No matter how disguised, how avoided, how much of other language used, Employee Engagement as a topic assumes an input/output mechanistic logic. If employees are engaged (now, substitute the word for satisfied, fulfilled, happy, etc), they will be more productive. This is the ‘Happy cows produce better milk’ model, one of the six models of Employee Engagement that I have identified, and undoubtedly, the most common of all.
The model is amoral. It has nothing to do with whether satisfaction, engagement, fulfillment, happiness or anything else are good in themselves. It simply asserts that, well, if you want better (productive) milk, you’d better feed the cows. A better work-life balance, for example, produces better engagement, which produces better results. Work-life balance is good only in so far as it is the oil for the machinery. So, engagement and productivity have been intrinsically linked, and, you may say, who is to argue with that?
The worse model in ranking in my modest research was what I called ‘the moral drive’. In this model work is a platform for personal enhancement, fulfillment, being proud of personal impact, something worth telling the children. Some people will argue, and go further, that work is a right. Some of them may say that it is not just because it is a way to feed themselves and others, but also to be human.
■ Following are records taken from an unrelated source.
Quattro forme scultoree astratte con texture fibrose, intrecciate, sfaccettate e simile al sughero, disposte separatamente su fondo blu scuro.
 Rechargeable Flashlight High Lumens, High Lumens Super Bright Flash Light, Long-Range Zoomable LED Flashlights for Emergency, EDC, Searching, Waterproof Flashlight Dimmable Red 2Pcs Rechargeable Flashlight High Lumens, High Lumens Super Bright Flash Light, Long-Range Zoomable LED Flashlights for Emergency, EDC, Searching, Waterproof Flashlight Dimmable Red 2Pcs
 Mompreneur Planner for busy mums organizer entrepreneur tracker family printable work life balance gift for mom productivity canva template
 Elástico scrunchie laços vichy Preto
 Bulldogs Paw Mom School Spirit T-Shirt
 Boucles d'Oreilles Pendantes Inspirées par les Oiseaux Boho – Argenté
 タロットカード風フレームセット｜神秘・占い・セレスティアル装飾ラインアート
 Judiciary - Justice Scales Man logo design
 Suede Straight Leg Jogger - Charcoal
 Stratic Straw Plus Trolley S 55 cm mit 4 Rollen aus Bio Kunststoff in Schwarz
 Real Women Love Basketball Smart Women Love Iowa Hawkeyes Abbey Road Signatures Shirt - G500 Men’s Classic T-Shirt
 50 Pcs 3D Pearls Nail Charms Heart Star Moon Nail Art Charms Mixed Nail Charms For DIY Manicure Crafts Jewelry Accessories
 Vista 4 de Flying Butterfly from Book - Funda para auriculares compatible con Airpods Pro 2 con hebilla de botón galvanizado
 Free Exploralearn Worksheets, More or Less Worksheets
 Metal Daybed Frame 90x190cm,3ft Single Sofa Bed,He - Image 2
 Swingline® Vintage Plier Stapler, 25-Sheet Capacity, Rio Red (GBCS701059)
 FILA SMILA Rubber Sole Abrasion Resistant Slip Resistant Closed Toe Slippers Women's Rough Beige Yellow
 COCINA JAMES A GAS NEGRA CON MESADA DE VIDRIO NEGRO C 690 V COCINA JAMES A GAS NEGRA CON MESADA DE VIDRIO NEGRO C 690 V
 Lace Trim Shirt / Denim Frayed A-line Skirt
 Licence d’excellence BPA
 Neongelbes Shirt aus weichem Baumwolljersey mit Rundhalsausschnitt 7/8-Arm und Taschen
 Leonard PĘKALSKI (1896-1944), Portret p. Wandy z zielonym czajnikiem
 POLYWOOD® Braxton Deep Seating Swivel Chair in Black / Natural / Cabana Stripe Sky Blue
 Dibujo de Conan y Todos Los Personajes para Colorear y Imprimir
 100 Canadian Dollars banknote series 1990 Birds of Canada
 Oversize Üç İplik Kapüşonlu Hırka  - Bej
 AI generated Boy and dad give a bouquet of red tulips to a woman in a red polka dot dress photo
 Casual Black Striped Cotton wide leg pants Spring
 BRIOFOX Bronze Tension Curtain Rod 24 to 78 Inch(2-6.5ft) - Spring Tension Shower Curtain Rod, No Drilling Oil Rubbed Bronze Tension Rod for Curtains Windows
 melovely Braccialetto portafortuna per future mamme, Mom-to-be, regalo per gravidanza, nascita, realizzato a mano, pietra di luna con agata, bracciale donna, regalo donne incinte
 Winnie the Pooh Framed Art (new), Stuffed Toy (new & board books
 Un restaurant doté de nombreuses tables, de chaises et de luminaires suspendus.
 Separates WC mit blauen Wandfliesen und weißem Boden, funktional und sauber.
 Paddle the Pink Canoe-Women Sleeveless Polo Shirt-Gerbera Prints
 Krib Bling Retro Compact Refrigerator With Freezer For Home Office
Period. Big words, big goals.
I am willing to accept that there may be different interpretations of rights and moral arguments, and that we may agree or not. But it is hard to believe that in today’s world, where we have achieved the highest of our possibilities as mankind, we should be content with ‘feeding cows to get better milk’ as the climax of the imagination when it comes to Employee Engagement.
When did the moral surgery take place? Where and when did we agree the clinical, neutral, naked, utilitarian, mechanic, and sterile concept of engagement of employees as a means to produce better milk? Is that the best we can do?